> [Directions for this task]
The answer is to be the lines below that lie between the line holding "2011 Toyota Prius" and the line holding "Imagem Casa com", inclusive, transcribed exactly and free of pictures.

..............................

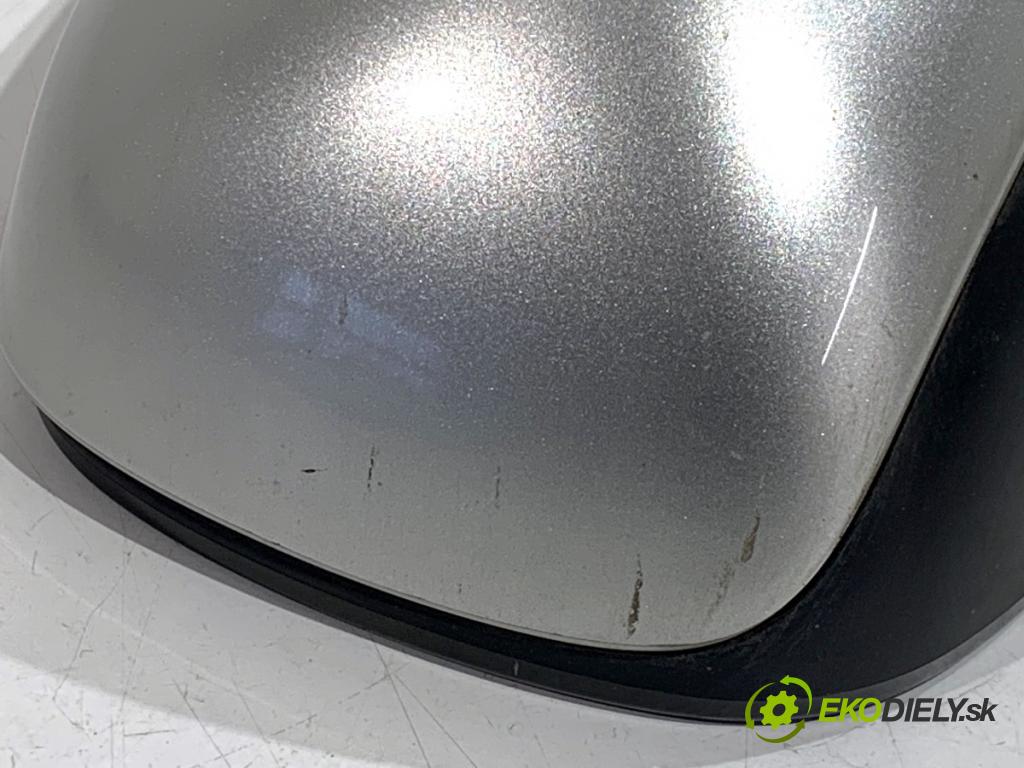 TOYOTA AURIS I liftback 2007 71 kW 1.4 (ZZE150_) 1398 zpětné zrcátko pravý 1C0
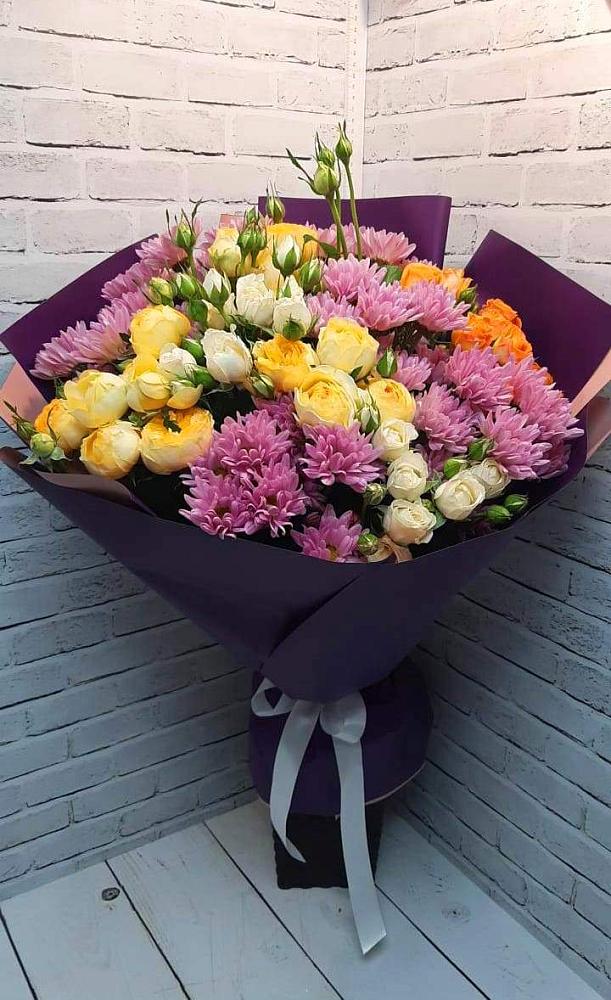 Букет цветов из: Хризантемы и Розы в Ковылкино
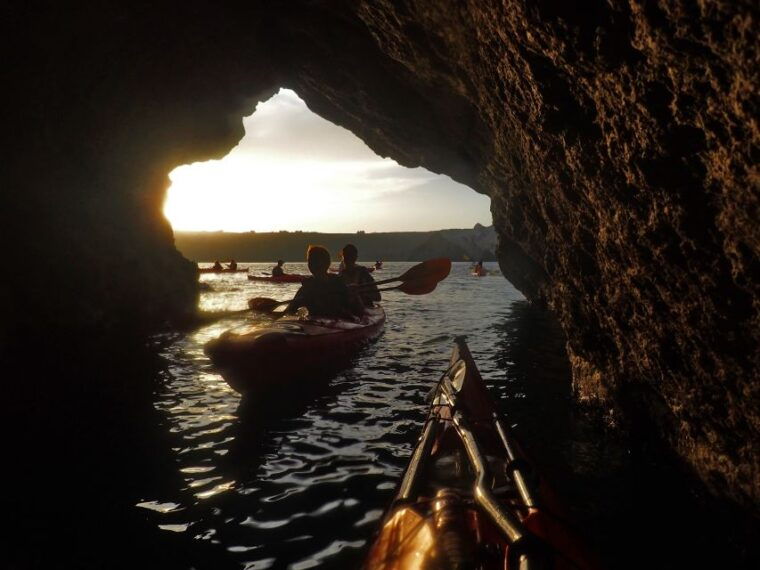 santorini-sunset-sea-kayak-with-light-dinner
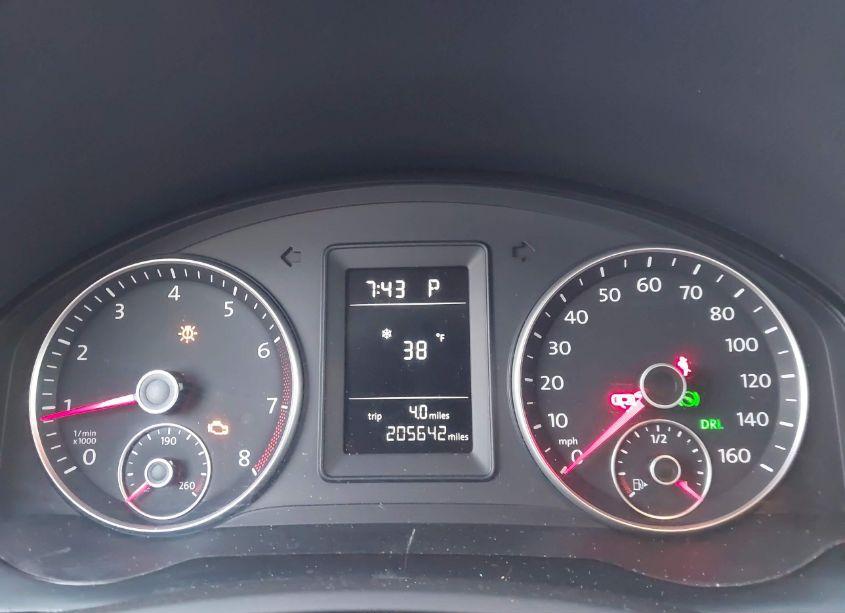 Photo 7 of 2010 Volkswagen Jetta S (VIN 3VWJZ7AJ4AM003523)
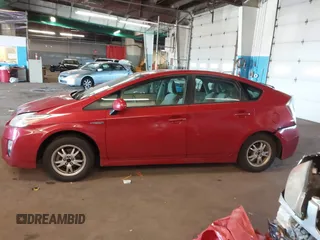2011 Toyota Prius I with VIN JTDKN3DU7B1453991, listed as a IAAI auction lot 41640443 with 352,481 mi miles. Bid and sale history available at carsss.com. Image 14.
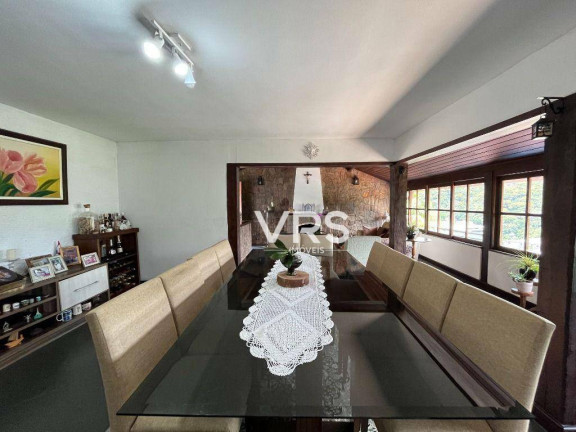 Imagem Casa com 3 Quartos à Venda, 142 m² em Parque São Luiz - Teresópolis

..............................

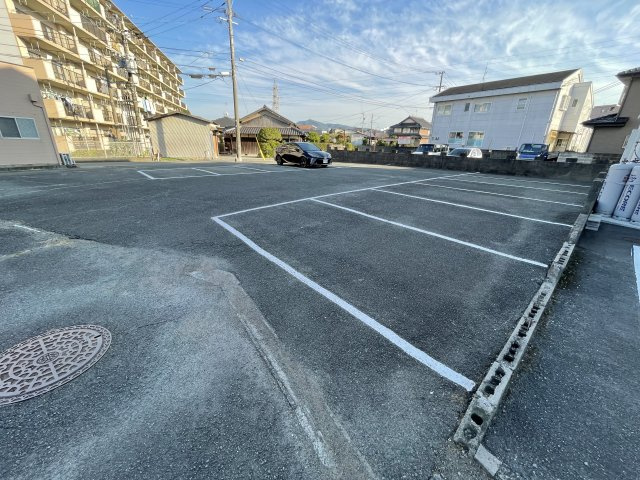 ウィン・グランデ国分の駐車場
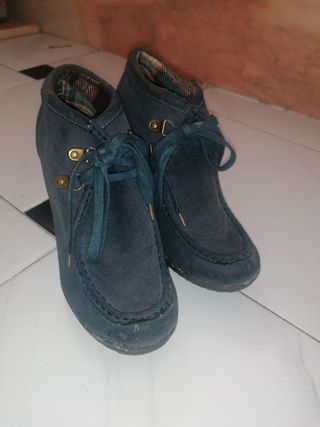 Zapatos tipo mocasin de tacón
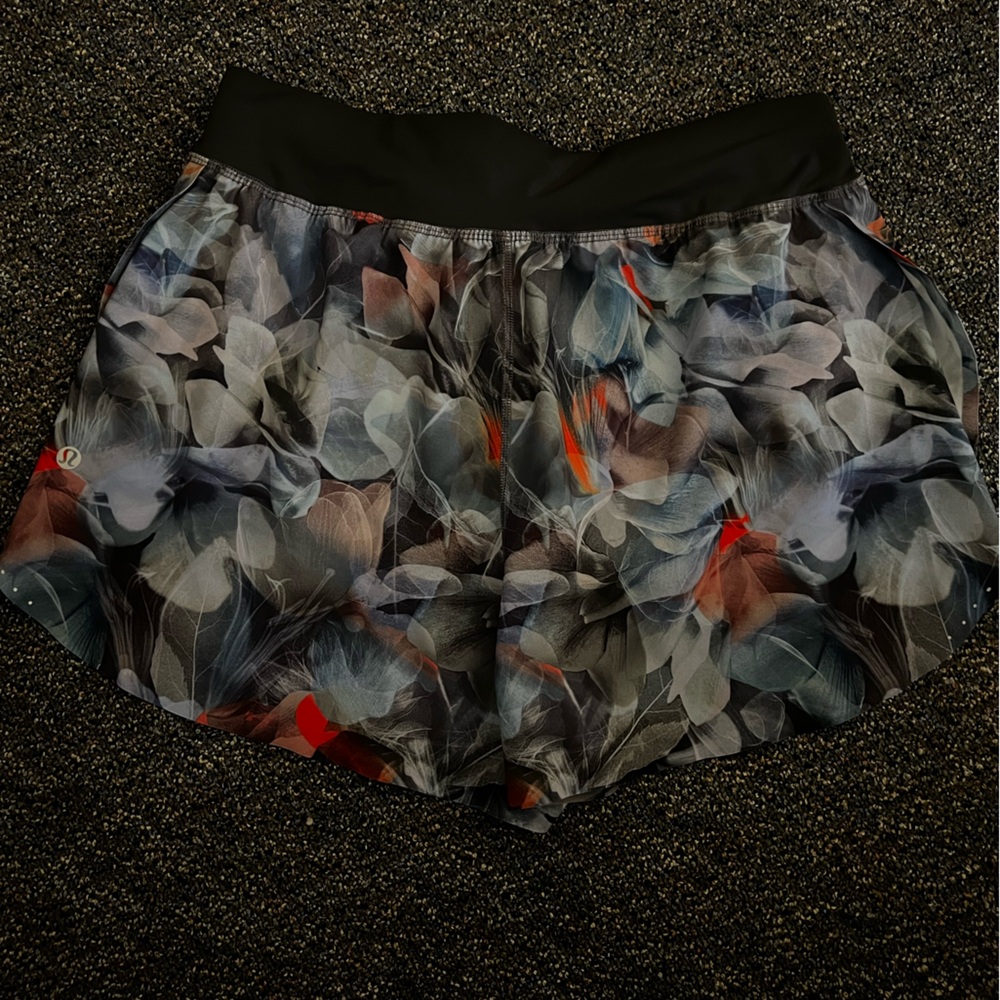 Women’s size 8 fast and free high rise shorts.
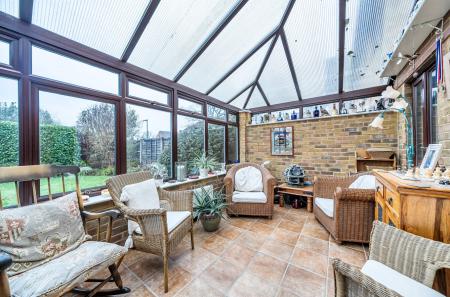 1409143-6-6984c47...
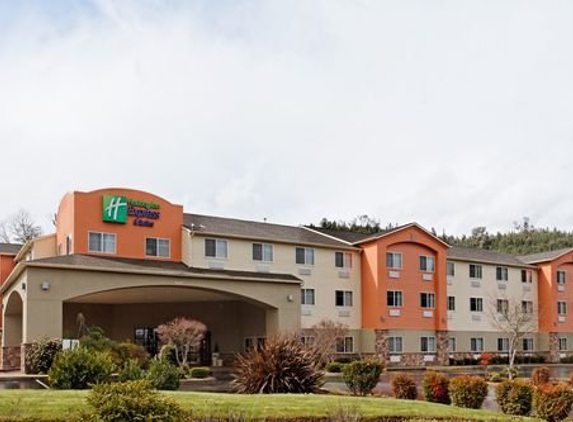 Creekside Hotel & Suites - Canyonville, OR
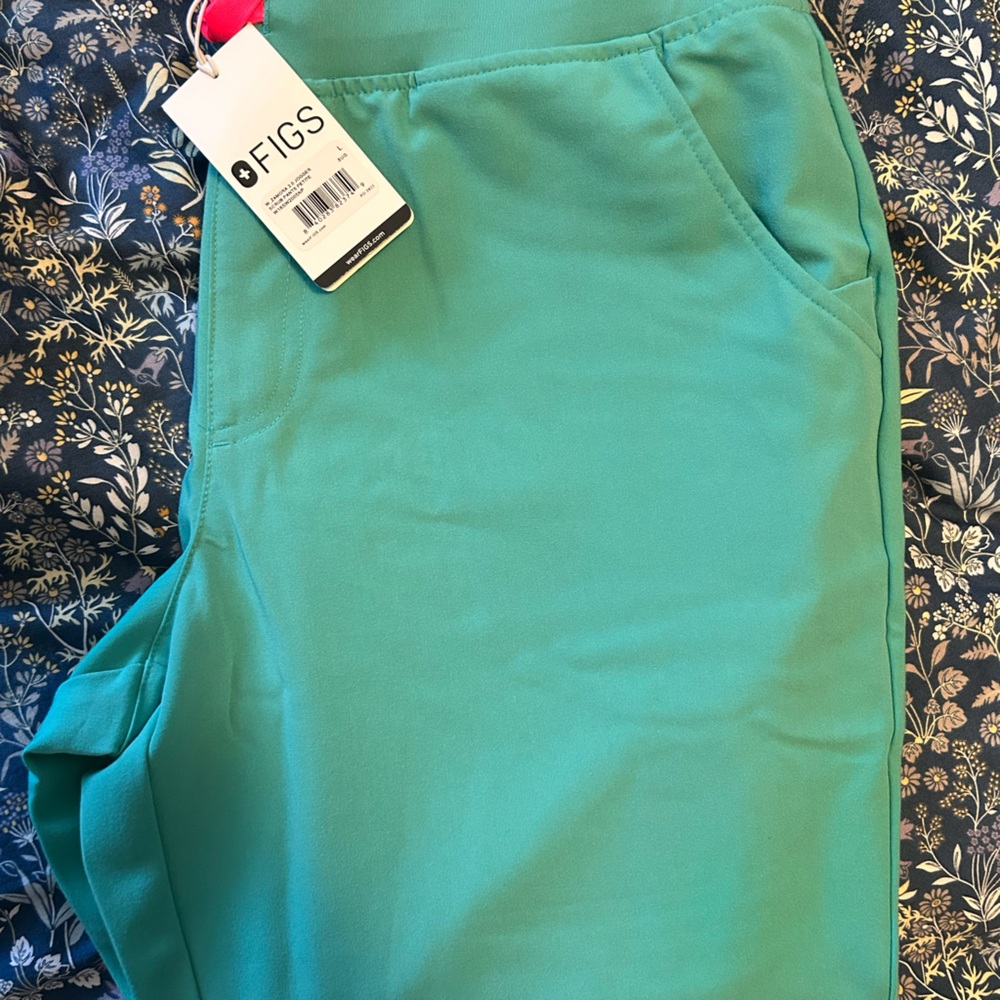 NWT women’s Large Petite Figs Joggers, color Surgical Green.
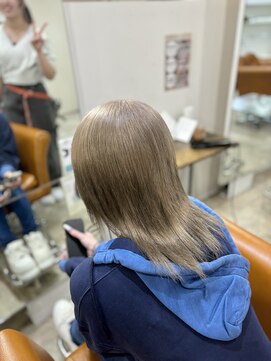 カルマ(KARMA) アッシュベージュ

..............................

> [Solution to the problem]
2011 Toyota Prius I with VIN JTDKN3DU7B1453991, listed as a IAAI auction lot 41640443 with 352,481 mi miles. Bid and sale history available at carsss.com. Image 14.
 Imagem Casa com 3 Quartos à Venda, 142 m² em Parque São Luiz - Teresópolis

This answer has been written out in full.